The first is expressed in Article XXXIV, ‘Of the Traditions of the Church’ which, whilst recognizing that “Traditions and Ceremonies ... may be changed according to the diversities of countries, times, and men's manners, so that nothing be ordained against God’s Word”, nevertheless denies the individual the right just to ‘do his own thing’ in the particular church to which he belongs: “Whosoever through his private judgement, willingly and purposely, doth openly break the traditions and ceremonies of the Church, which be not repugnant to the Word of God, and be ordained and approved by common authority, ought to be rebuked openly, (that others may fear to do the like,) as he that offendeth against the common order of the Church, and hurteth the authority of the Magistrate, and woundeth the consciences of the weak brethren.”
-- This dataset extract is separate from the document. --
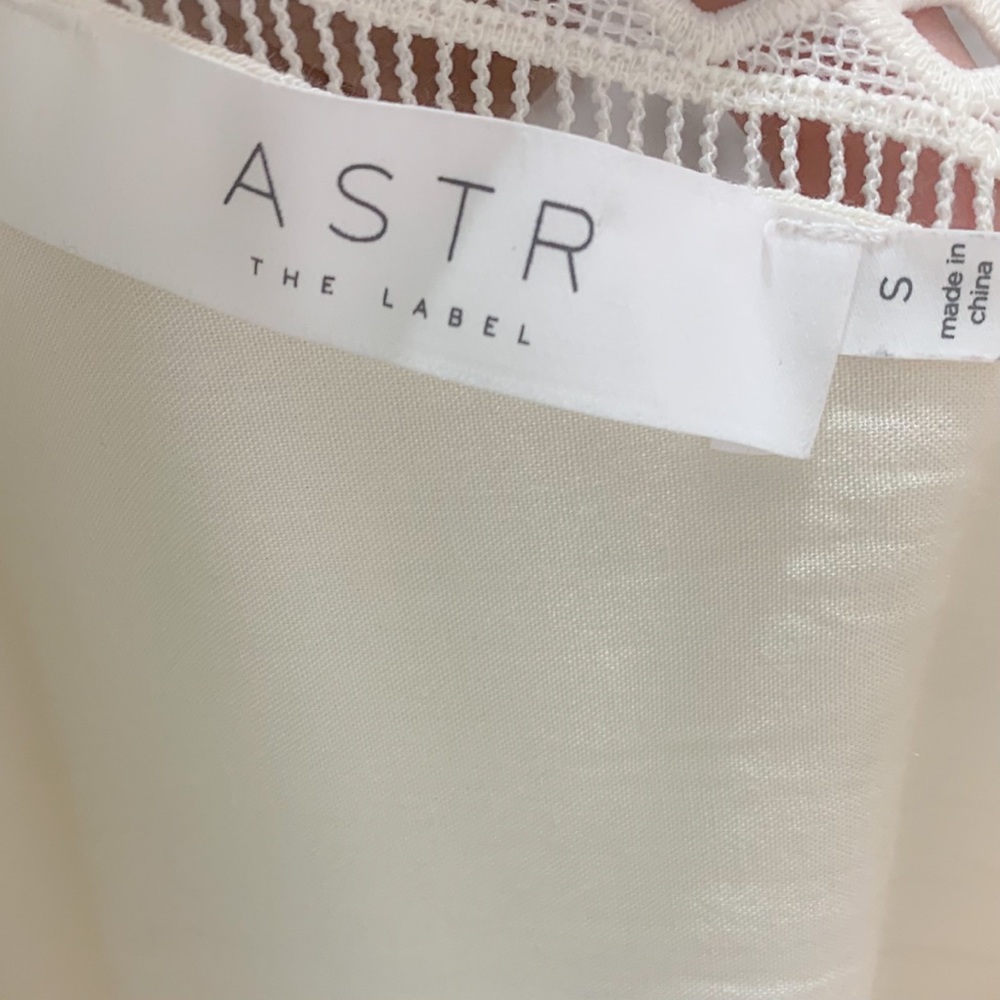 ASTR the Label Ivory Mini Shift Dress - Picture 8 of 10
In this sense, all Anglican clergy are required to maintain a ‘collegiality’. They may hold certain opinions, but even if those opinions are not repugnant to the Word of God, they are not, as Tim says, free to change their practice.
It does seem on recent performance, however, that there is another way in which ‘collegiality’ has come to operate and be understood, particularly regarding episcopal collegiality. This relates to Article XX, ‘Of the Authority of the Church’, which, whilst acknowledging that, “The Church hath power to decree Rites or Ceremonies” (as per Article XXXIV), insists that it cannot lawfully “ordain any thing that is contrary to God’s Word written” and “ought not to decree any thing against the same”.
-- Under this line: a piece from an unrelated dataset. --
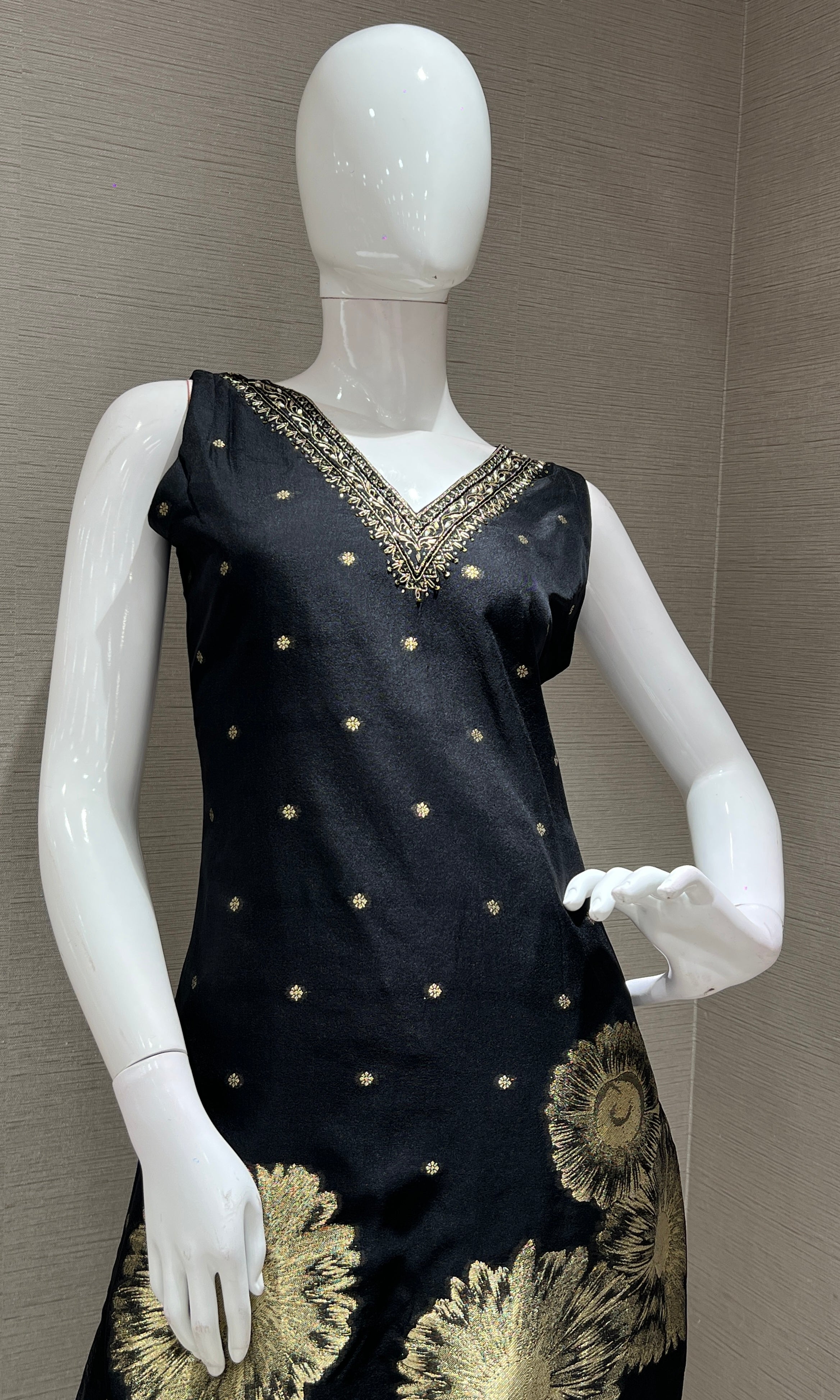 Black GOLD FLORAL EMBROIDERED KURTA SET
Now regarding the presenting issue, the collective position of the House of Bishops has been (in line with the resolutions of General Synod and of the Lambeth Conference) that same-sex sexual behaviour is, in fact, “contrary to God’s Word written”. Therefore — and here’s the important bit — as an expression of collegiality, people like Rowan Williams have explicitly subsumed their personal views (in his case expressed in The Body’s Grace) to this position of ‘the Church’.
That is slightly different from the lesser ‘collegiality’ of Article XXXIV, which is a ‘what I do’ collegiality. In the second case, which has particularly applied to the House of Bishops, it has been a ‘what I teach’ collegiality — affecting personal views, not just personal practice.
Now it seems to me, which is why I am asking the questions in this post, that Bishop Holtam has explicitly declared that he will ‘break ranks’ on this second collegiality. If it is not clear to anyone what this means, look at Rowan Williams, who (whatever you may think of him as a result, and ‘liberals’ have been very explicit themselves in this regard) has consistently maintained ‘collegiality’ in both word and deed.
Unless I am very much mistaken, however, Bishop Holtam — whatever he may now say or do — has already acted differently from Archbishop Williams.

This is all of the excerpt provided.